Whatever age-defying drug Pete Dye is taking, I want some. The 89-year-old is still designing outstanding golf courses, while continuing to evolve, innovate, and have fun.
His newest creation is called Full Cry at Keswick Hall, the elegant, small resort in central Virginia that sits in the shadow of Thomas Jefferson’s Monticello. Similarities abound between the Declaration of Independence author and one of golf’s most independent thinkers: Both were self-taught architects, tinkerers, and revolutionaries.
Both also love the beautiful countryside of the Old Dominion. Jefferson sited his magnificent home on a mountaintop so he could see for miles across the landscape. There’s plenty of lovely gazing over the gently rolling terrain Dye used to design a course that is exciting and exacting, calm and calamitous.
With a name like “Full Cry”—an expression used in fox hunting, a sport popular in Virginia since pre-Colonial times—expectations are for the architect at his most Dye-abolical. But he opted for subtlety. For example, there are plenty of bunkers, but few of the deep pits of despair Dye has been known for. (There is, however, a near-island green at the long par-three 7th hole, the raised putting surface encircled by sand.)

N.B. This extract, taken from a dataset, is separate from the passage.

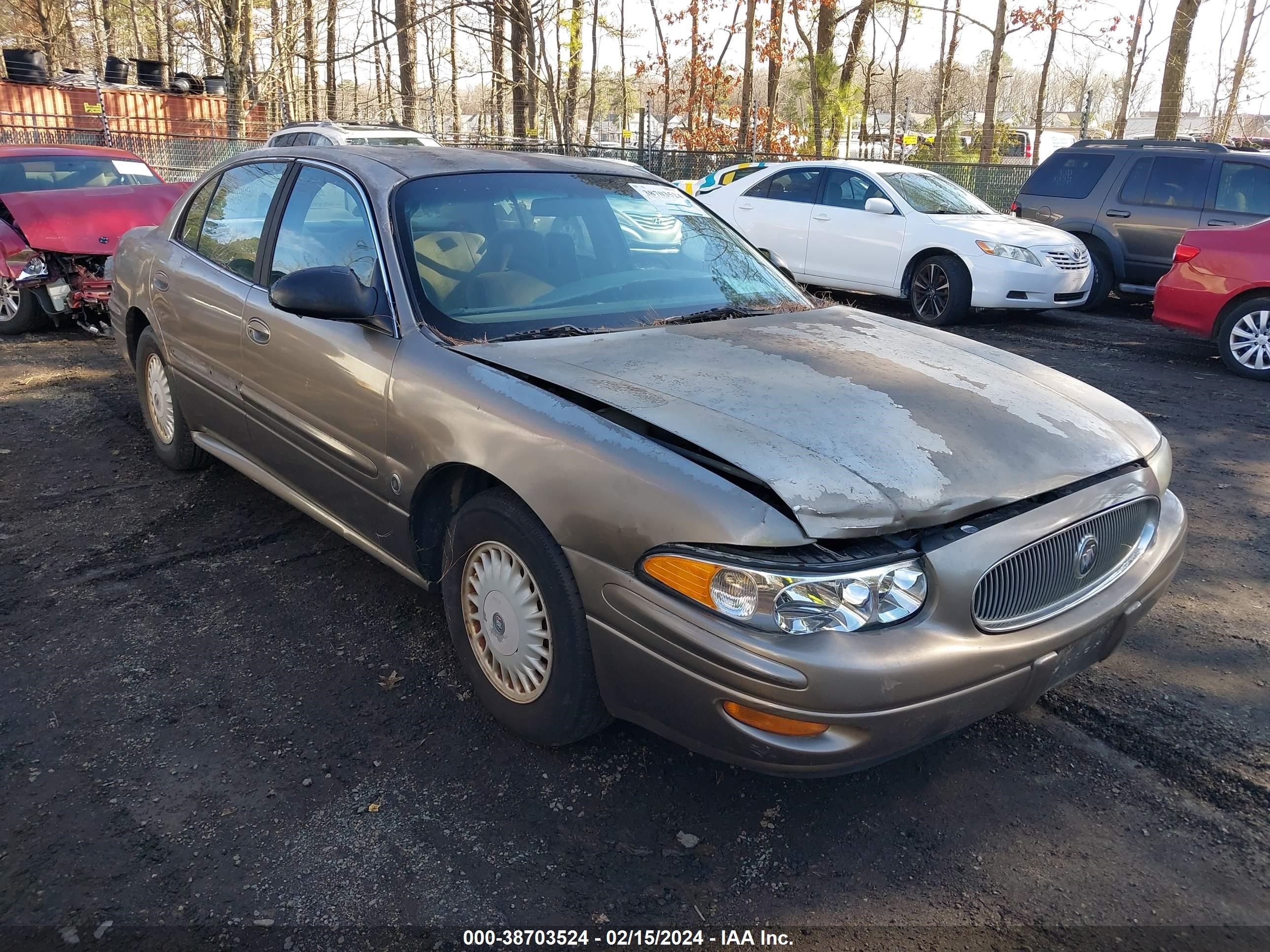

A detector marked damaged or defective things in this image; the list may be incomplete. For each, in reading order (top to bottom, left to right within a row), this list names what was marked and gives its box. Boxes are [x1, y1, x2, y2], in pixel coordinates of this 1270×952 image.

peeling hood paint [0, 183, 189, 256]
red damaged car [0, 142, 189, 335]
red damaged car [1160, 218, 1270, 382]
peeling hood paint [465, 309, 1160, 540]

The master at knocking golfers off their games, Dye does so here with the twisting topography. The fairways are wide, but often set akilter so hitting them can be diffcult. The greens are small, mildly undulating, and open in front while falling off along the sides into tightly mown collection areas. Holes 13 and 14 are back-to-back short par fours frustratingly diffcult to tame, their lack of yardage more than compensated for by elevation changes, canted fairways, and tiny greens.
The key to Full Cry is control. Choose the right set of tees—six to select from—and have firm command of your yardages.
Keswick Hall, its main building a 100-yearold Italianate country estate with 48 stately rooms and suites, provides excellent service and all-encompassing comfort. Sitting out back, nursing a favorite drink, all looks pleasant and placid. But if the cocktail is helping salve the wounds inflicted by that seemingly serene golf course, tip your cap—or three-cornered hat—to one of American golf’s most creative founding fathers.